I'm using OpenCV for an application in computer vision. I'd like to accelerate some matrix operations (matrices are fairly large) on GPU and want to avoid coding directly in CUDA C, if possible. OpenCV 2.4.1 has a number of GPU accelerated functions. How well do they perform in your experience? Am I better off using another library (e.g. Thrust) instead?
EDIT Sample application: Calculate squared Euclidean distance matrix on GPU. Currently, my GPU accelerated (and vectorized) implementation in Matlab using the Parallel Computing Toolbox (PCT) is about 5-10 times faster than my C++ implementation with OpenCV.
Matlab implementation:
function K = sqEuclideanDist(P_cpu,Q_cpu)
% Vectorized method to compute pairwise squared Euclidean distance on GPU
% Returns K(i,j) = (P(i,:) - Q(j,:))'*(P(i,:) - Q(j,:))
P_gpu = gpuArray(P_cpu);
Q_gpu = gpuArray(Q_cpu);
[nP, d] = size(P_gpu);
[nQ, d] = size(Q_gpu);
pmag = sum(P_gpu .* P_gpu, 2);
qmag = sum(Q_gpu .* Q_gpu, 2);
% note that K is on GPU
K = ones(nP,1)*qmag' + pmag*ones(1,nQ) - 2*P_gpu*Q_gpu';
UPDATE Here's another Matlab implementation that accomplishes the same (thanks to https://stackoverflow.com/a/7774323/1121420).
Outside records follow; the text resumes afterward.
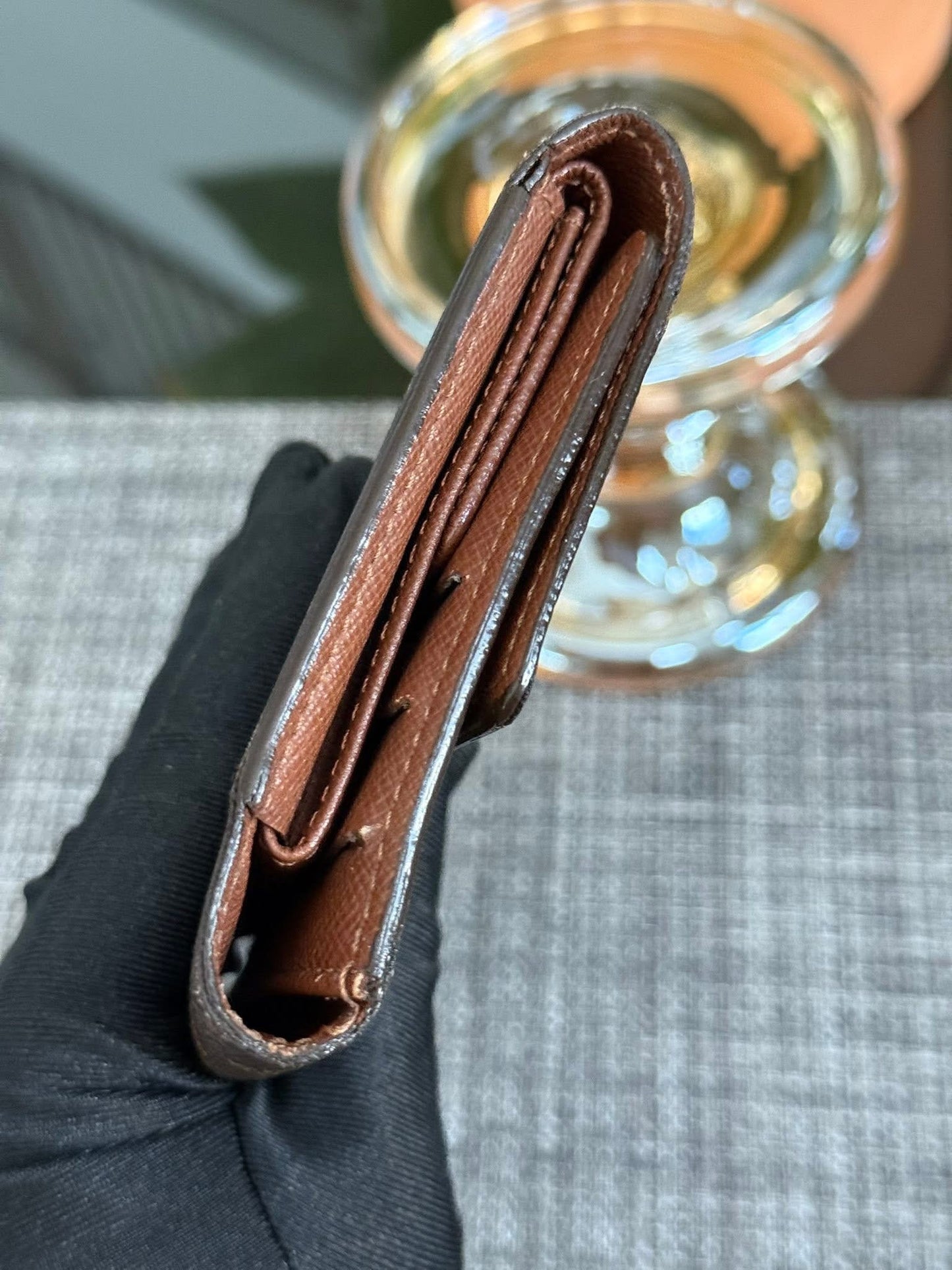 International Wallet in Monogram 🗓️ Year: 2003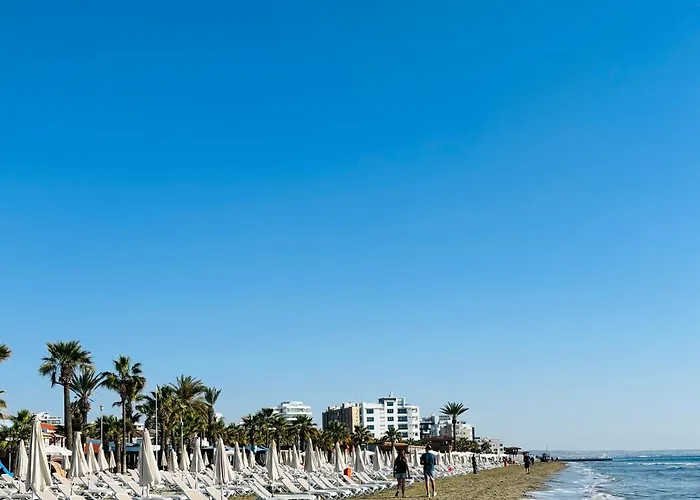 Piale Palms Makenzie Front Apartment,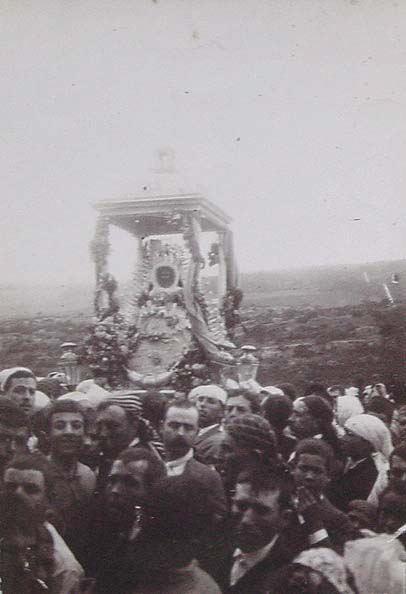 (Procesión de la Virgen en Lora de Río)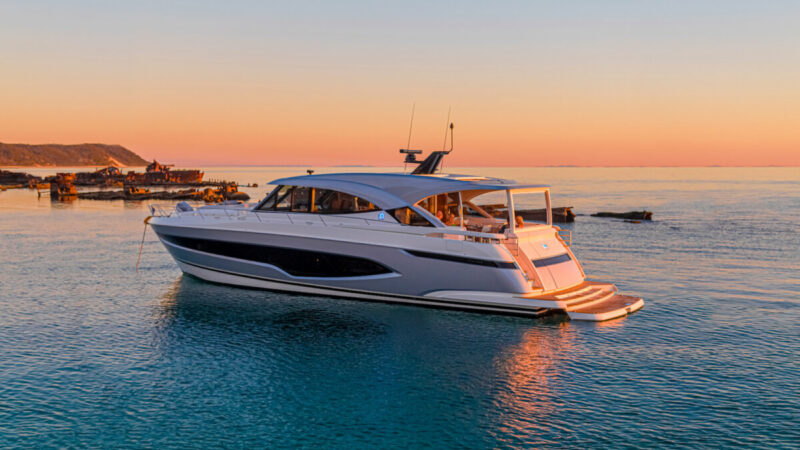 Riviera 6800 Sport Yacht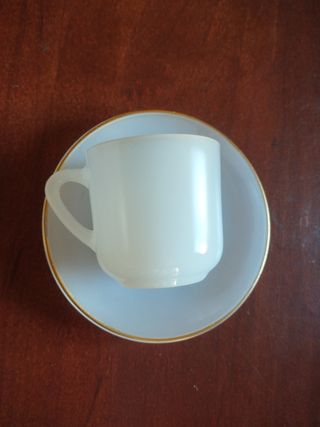 Taza y plato café Arcopal blanco y dorado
But it runs only on CPU because bsxfun
is not supported by PCT. Still looking for C++ alternative though.
function K = sqEuclideanDist(P_cpu,Q_cpu)
% Returns K(i,j) = (P(i,:) - Q(j,:))'*(P(i,:) - Q(j,:))
% Runs on CPU only.
K = bsxfun(@plus,sum(p.^2,2),sum(q.^2,2)') - 2*(p*q');